Format
The data format that has been chosen for this application is XML, which is essentially a structured format of text. This is important, since computers can store data either as ‘binary’ or as ‘text’.
The binary format, also called ‘machine readable’, is not directly accessible, but always relies on a process that decodes the binary data into something humans can understand and displays this derived version to a user. Any changes made to this version will then have to be translated back into the binary representation for storage and internal use by the application. Many computer programs are written in a human readable form, but are stored for execution in a binary format that is more efficient to use.
Text format on the other hand is directly readable, without any intervention, at least in principle. In practice, a format like XML is highly structured and contains several layers of information in a formalized way, thus is not easily understood or modified by non-experts.
The TLS tries to combine the flexibility of the XML format with an interface that hides most of the complexity for the user. This makes it possible to work in the system without knowing about the underlying data structures. This is similar to a railway car that can only travel on the pre-laid rails, which makes it easy to connect big cities, but leaves many places without access. Working directly with the underlying source data, on the other hand, will allow the user to travel to even the most distant and remote places, but requires more effort. It is for these users, that the description of the data format will provide a map, whereas XQuery will provide the means of transportation.

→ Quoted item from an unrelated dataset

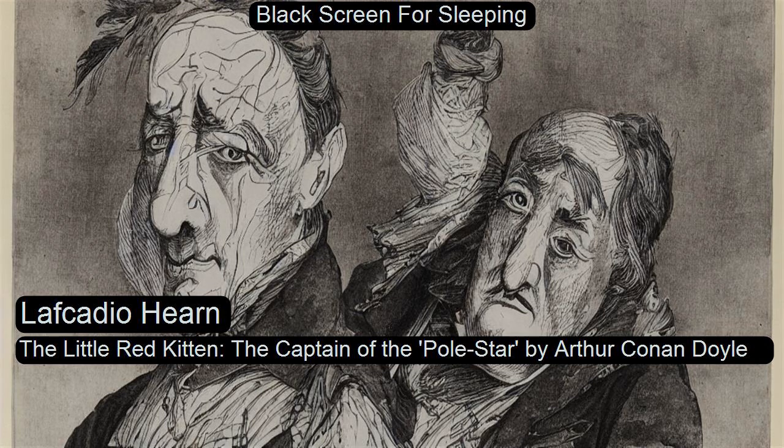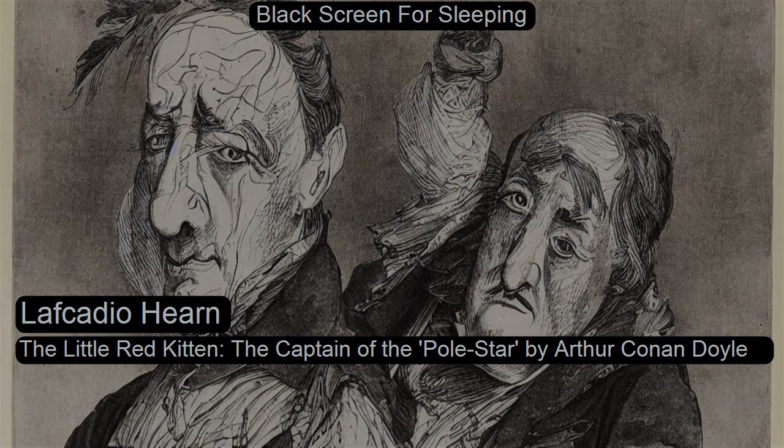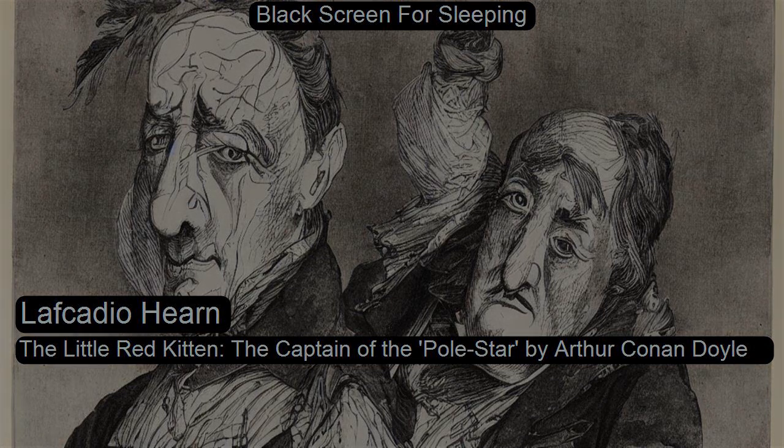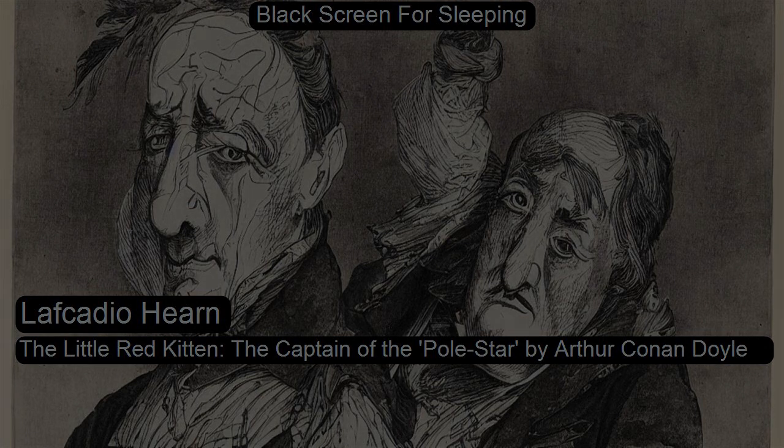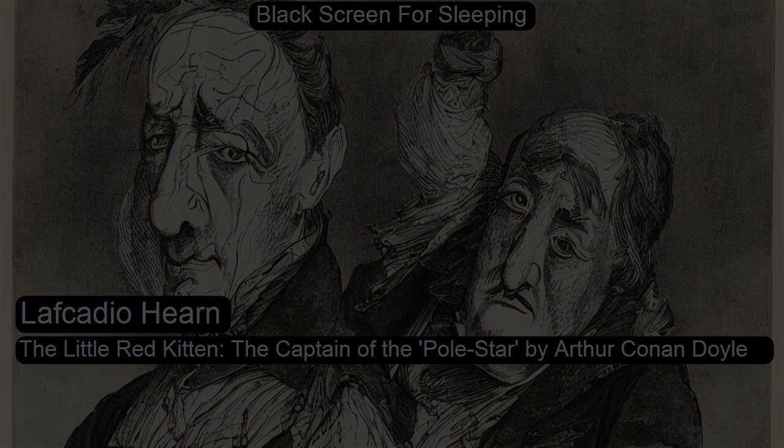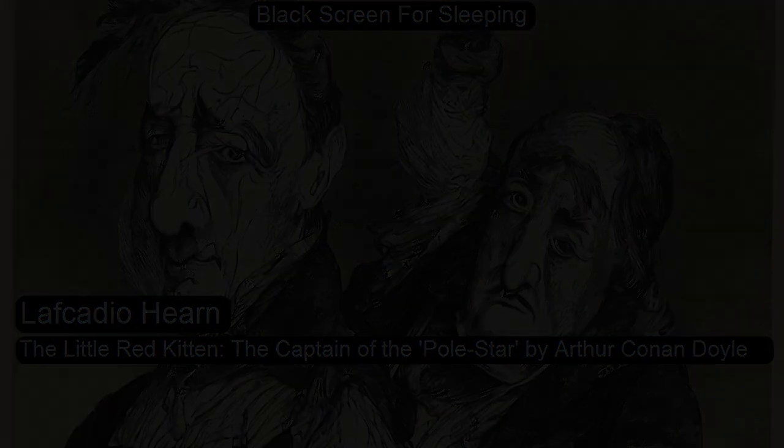Section three of Lovecraft's influences and favorites. This is a LibriVox recording. All LibriVox recordings are in the public domain. For more information or to volunteer, please visit librivox.org. Recording by Avai in February 2019. The Little Red Kitten by Lafcadio Hearn.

The source data that is described here is also available for use outside of this application, at https://github.com/tls-kr/tls-data for the descriptive data and https://github.com/tls-kr/tls-texts for the text data. Both are licensed under a Creative Commons Attribution 4.0 International License (except for some translations), which allows users to share, modify and adapt the data, as long as they are attributed to the TLS Project.
Content of tls-data
In this repository, all descriptive data are collected, which includes the following items (there are some items which are only used for internal book keeping, such as ‘schema’, ‘statistics’ and ‘vault’, they are not described here):
- bibliography Bibliographic description of sources and references
- concepts Definition of the hierarchy of concepts in the TLS
- core In this collection, the definition of a number of additional descriptive features are collected:
- domain Collections of concepts in specialized domains, such as medical concepts
- external Data collections which are imported from external sources
- guangyun Phonetic database, originally based on the Guangyun 廣韻 rhyme dictionary
- notes A collection of annotation types
- doc Syntactic Word Location, stored by text document.
- facts
- links
- [rdl] Rhetorical Device Location
- search stored search results
- swl An older format of Syntactical Word Locations
- translations Not all translations that are displayed in the web interface are collected here, but only those that can be shared. The exact license terms depend on the translator and might differ from the license for the data.
- words The Syntactic Word definitions are stored here.
Contents of tls-texts
There are two sub collections here
- data The actual texts are here, with in principle one XML file per text, arranged in a way similar to the classified catalog on the web site. The Text format is based on the TEI Guidelines
- meta Some catalog data and other information about the texts.